Seems good advice being offered already. I assume that you cannot use your 'normal' insurance with an extension for overseas. The 12 year limit can prevent some people getting cover if your van is that old.
Alan


----------



## NTG (Dec 16, 2011)

After over 25 years with the AA I have switched to Green Flag. We have two cars and have just bought our first camper van which we wanted covered for Europe. The AA wanted too much and as our yearly subscription was due, We took a look around. Green Flag covered the van for both me and my wife with the maximum package and included Europe. In addition we selected to opt for 'personal cover' which covers both of us in any vehicle, so our cars are covered with the maximum cover but excluding Europe. Cost is £146 for the year. There are conditions for size and weight though.

Nick.


----------



## pmcclure (Dec 6, 2011)

It seems thats most of the breakdown cover available has a maximum length off 7metres. Ours is 7.1 metres.

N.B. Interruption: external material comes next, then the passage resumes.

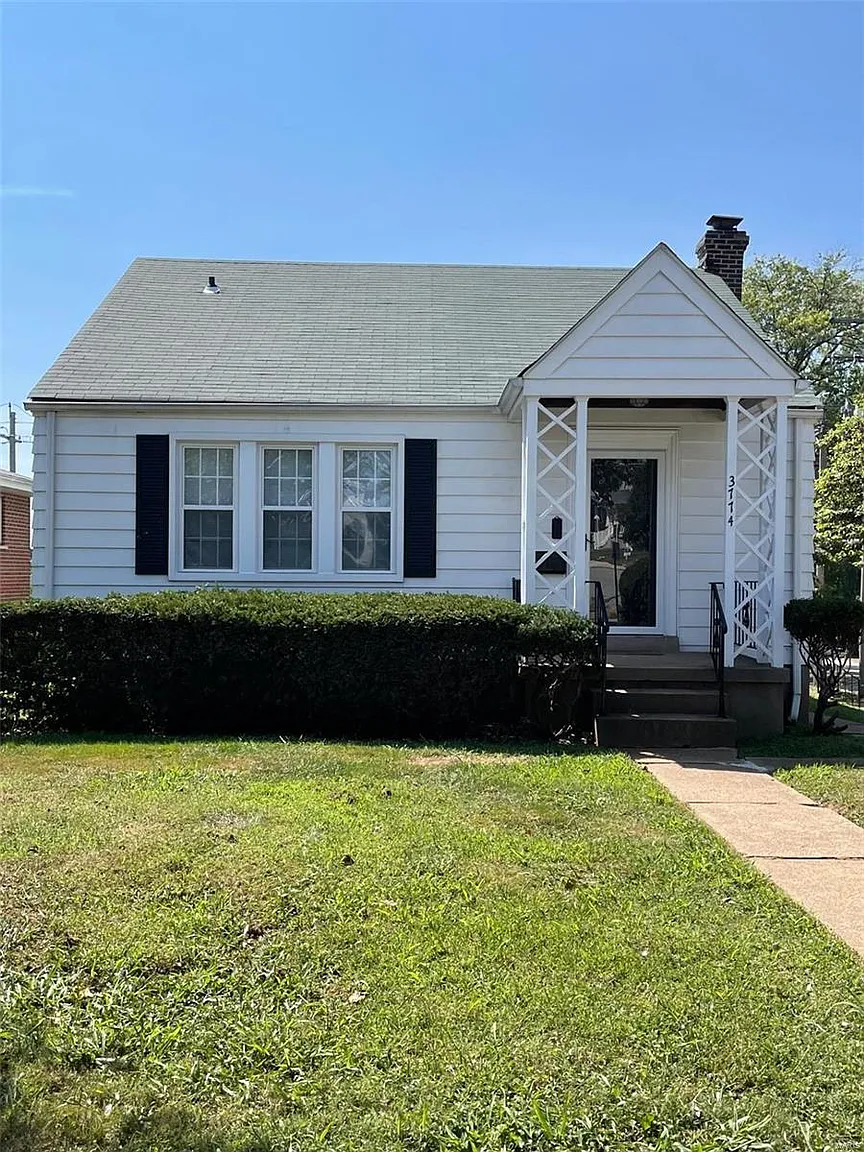 3774 Robert Ave photo 1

I must admit that I thought european motorhome breakdown cover for most sizes of motorhomes would be readily available and forum members would have a lot of experience in obtaining cover.


----------



## DTPCHEMICALS (Jul 24, 2006)

check to see whether it is included in your current insurance,
Most do .

Dave p


----------



## pmcclure (Dec 6, 2011)

My insurance is with the caravan club (I know) so don't think its included


----------



## DTPCHEMICALS (Jul 24, 2006)

Check it. It maybe,

Dave p


----------